However, the NDA compartmentalization issue would cause bugs. For instance, I guess the wifi microcode devs implemented hardware queuing but the intel kernel driver devs at the time didn't know this, so the driver devs just wrote their own queues in software and the users dealt with weird errors for some time because they literally couldn't ask the division that wrote the microcode how the hell it worked. I'm amazed anything with wifi works. For a time around then I just threw up my hands and used OpenBSD's reverse-engineered driver because it was more reliable and simple to understand.
I once tried to chase a bug in a wifi driver on NetBSD and soon gave up as I was just completely lost.
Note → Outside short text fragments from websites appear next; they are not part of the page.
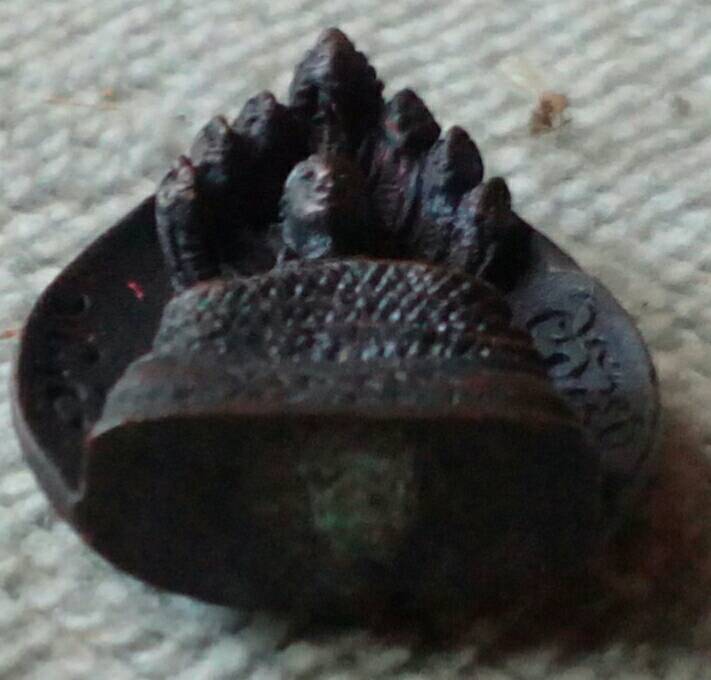 สมเด็จพระนาคปรก พิมพ์ใบโพธิ์ เนื้อนวะโลหะ วัดบวรนิเวศวหาร พ.ศ.๒๕๓๙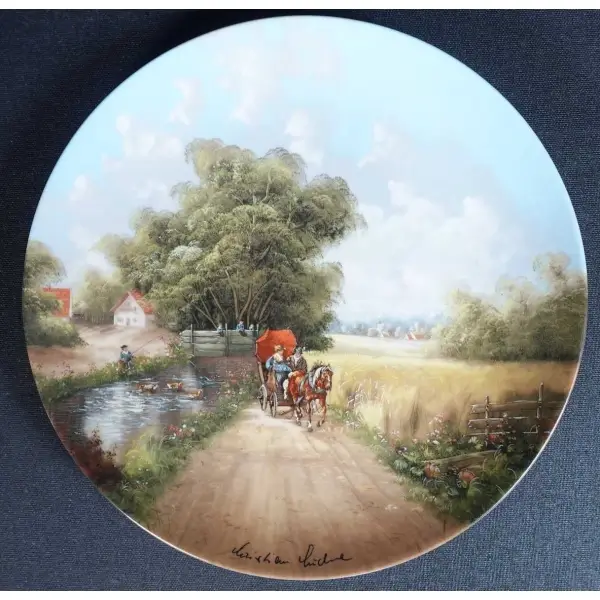 Alman malı ´´Seltmann Weiden´´ marka, elle renklendirme at arabasında romantik çift temalı porselen duvar tabağı, orijinal kutusu ve sertifikası ile birlikte, ürün numarası: A 9097, çap 19 cm...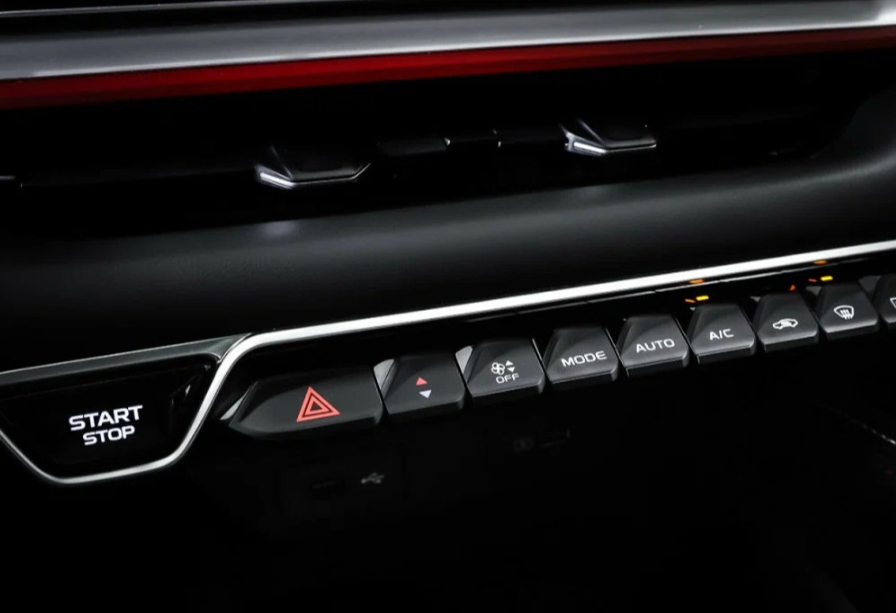 Аренда geely coolray стандарт класса 2024 года в городе Москва Варшавская от 3520 руб./сутки, передний привод, двигатель: бензин, объем 1.5 литров, каско (Мультидрайв), ОСАГО (Мультидрайв), без водителя, недорого, вид 11 - RentRide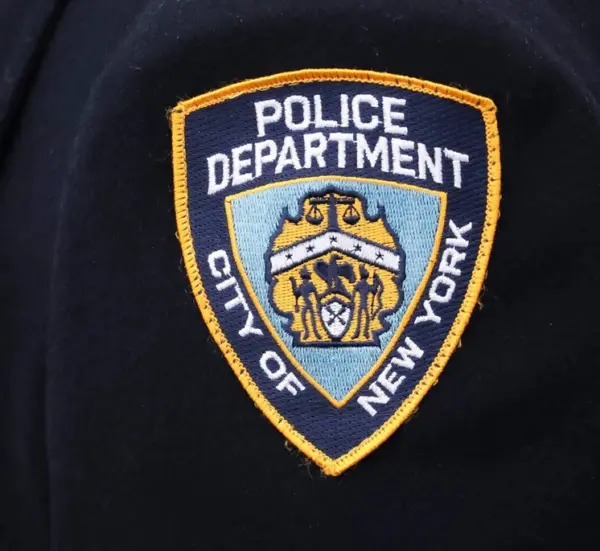 Detienen policía presuntamente dominicano durante un control de tráfico en el Alto Manhattan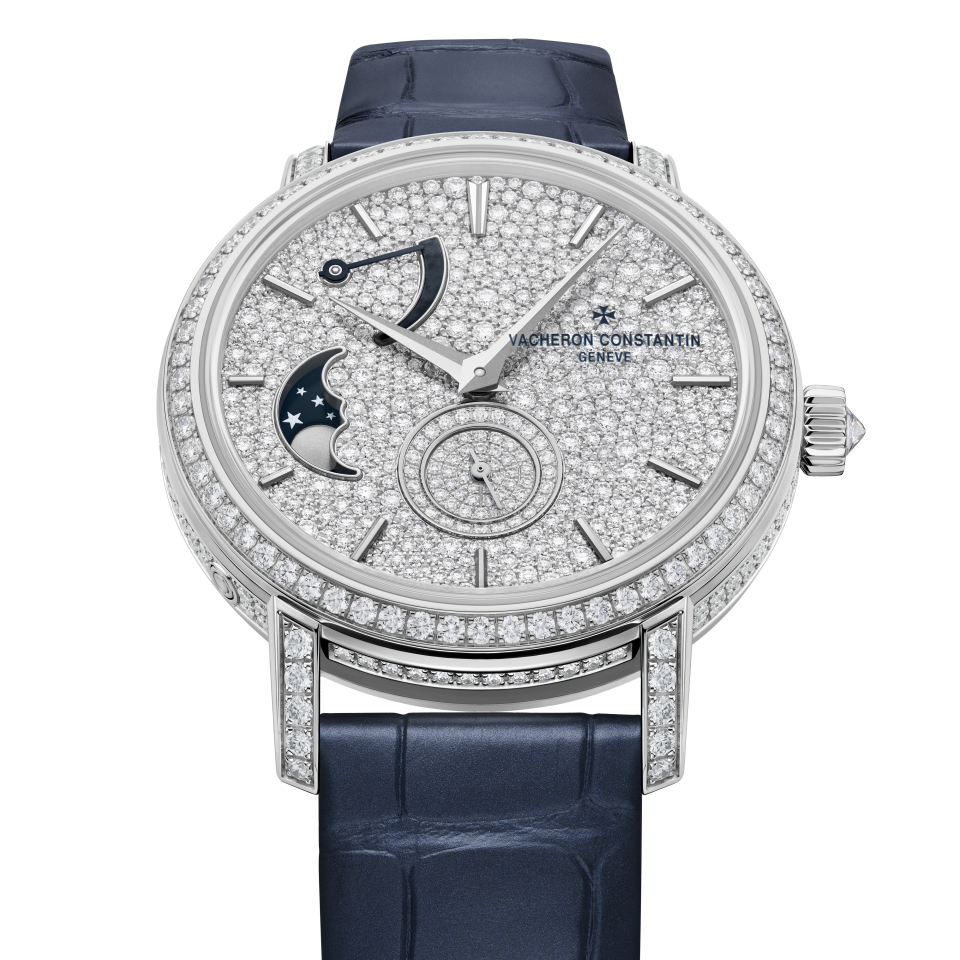 3/4 view - Packshot - Watch - Traditionnelle moon phase - 37.5 mm White Gold with Alligator leather strap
I also remember buying a book on driver development, hoping there would be some decent info on the 802.11 stack and was mildy amused to find a breif mention at the end of a chapter describing ethernet internet saying "sorry wifi is too complicated to cover".
Since that and about half a dozen other wifi kernel issues? I've been kinda fascinated by wifi and wifi stacks in the kerbel, but it appears to be some black magic power not available to the masses
For what it's worth, a counterpoint from an ex-kernel maintainer who now does web stuff and distributed systems: kernel programming was usually easier for me than your standard full-stack web developer stuff. The API surface of a web stack is so large -- juggling things like a JS framework, CSS, nuances of HTTP sessions, web security, databases, load balancers, etc.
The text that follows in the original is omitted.